Cross-posted at WLF’s contributor page at Forbes.com
Perusing yet another class action complaint filed in the Northern District of California, Gitson v. Clover-Stornetta Farms, we were positively amused to find that on page 19, the plaintiffs’ lawyers cite a letter from the Food and Drug Administration (FDA) to WLF for the proposition that under federal law, a company’s website is definitively considered “labeling.” FDA’s letter was in response to WLF’s April 2001 petition urging the agency to establish a formal policy on the nature of information on websites like that of Clover-Stornetta Farms.
While it’s flattering that WLF’s public interest work has such enduring relevance and utility, we can’t let the plaintiffs’ invocation of FDA’s letter pass without refutation.
Clover-Stornetta Farms’s alleged transgression was to misleadingly refer to the sweetener used in some of its yogurt products as “evaporated cane juice.” Misleading or false labeling under federal law, incorporated into the California laws under which Gitson is suing, renders the product “misbranded.” And according to the complaint, because the yogurt label referred to the company’s website (which did little more than helpfully reprint the ingredient label), the website constituted labeling which equally misbranded the product.

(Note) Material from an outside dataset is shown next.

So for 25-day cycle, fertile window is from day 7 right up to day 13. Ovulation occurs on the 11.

First, a letter responding to a petition for rulemaking does not constitute law or establish any binding legal principle, so for that reason alone, presiding Judge Laporte should quickly give the back of her hand to this argument. Second, FDA stated in the letter that under certain circumstances website information could be labeling. Neither of the two examples which FDA provided in the letter to WLF that would in their view constitute labeling is evident on Clover-Stornetta Farms’s website. Third, nothing in FDA’s letter to WLF reflects that the simple presence of a web address on a label “incorporates” any alleged website misrepresentations onto that physical label.

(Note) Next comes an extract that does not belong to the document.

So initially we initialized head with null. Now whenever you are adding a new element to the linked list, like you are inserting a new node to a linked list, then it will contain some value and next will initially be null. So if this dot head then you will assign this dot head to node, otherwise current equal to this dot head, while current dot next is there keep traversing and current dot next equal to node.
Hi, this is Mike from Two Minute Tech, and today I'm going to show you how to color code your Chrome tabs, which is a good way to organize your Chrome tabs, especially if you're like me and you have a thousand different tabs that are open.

Taking this one step further into the realm of actual law, FDA in its letter to WLF relies upon a 1948 Supreme Court decision, Kordel v. United States, for the concept that information beyond the physical borders of a product package can be “labeling” under federal law. Kordel dictated that the external information and the physical packaging had to be “interdependent,” and must be “an essential supplement to the label attached to the package.” The information on Clover-Stornetta’s website was merely a recitation of what was on the yogurt itself, including the Nutrition Facts.

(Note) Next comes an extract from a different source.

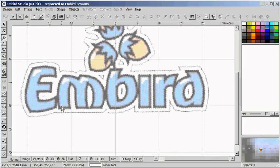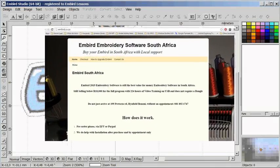If I'm asked the question, where can I buy Embed digitizing software in South Africa? The answer is fairly easy: at embed.co.za.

Finally, and most significantly — and still in the realm of actual law — another judge in the Northern District of California, Judge Conti, ruled on this very issue in Wilson v. Frito-Lay NA three days before the Gitson case was filed. No doubt Gitson’s lawyer was aware of the ruling, since he also represents the plaintiff in Wilson. Mr. Gore of Pratt & Associates argued in Wilson, without, as the court stated, citing “[any] authority for this point,” that FDA considers websites as part of the product’s labeling. Frito-Lay, like Clover-Stornetta, prints the company’s web address on their products. The court ruled that under the rationale of Kordel, neither the printing of the website nor the information on the site itself sufficiently “accompany” the information on the product so as to constitute “labeling.” Wilson’s claims based on Frito-Lay’s website information were thus dismissed.
We expect Judge Laporte in Gitson to follow the rationale offered by Judge Conti in Wilson and dismiss the website = labeling claim. No doubt plaintiffs like Gitson and their lawyers will try, try again and keep tossing these claims into food labeling class action complaints. Likely they will keep citing FDA’s letter to WLF as authority. They don’t have much else to cite reflecting FDA’s judgment on the matter; as we’ve noted previously, FDA continues to put off its long-promised guidance on social media and FDA-regulated products.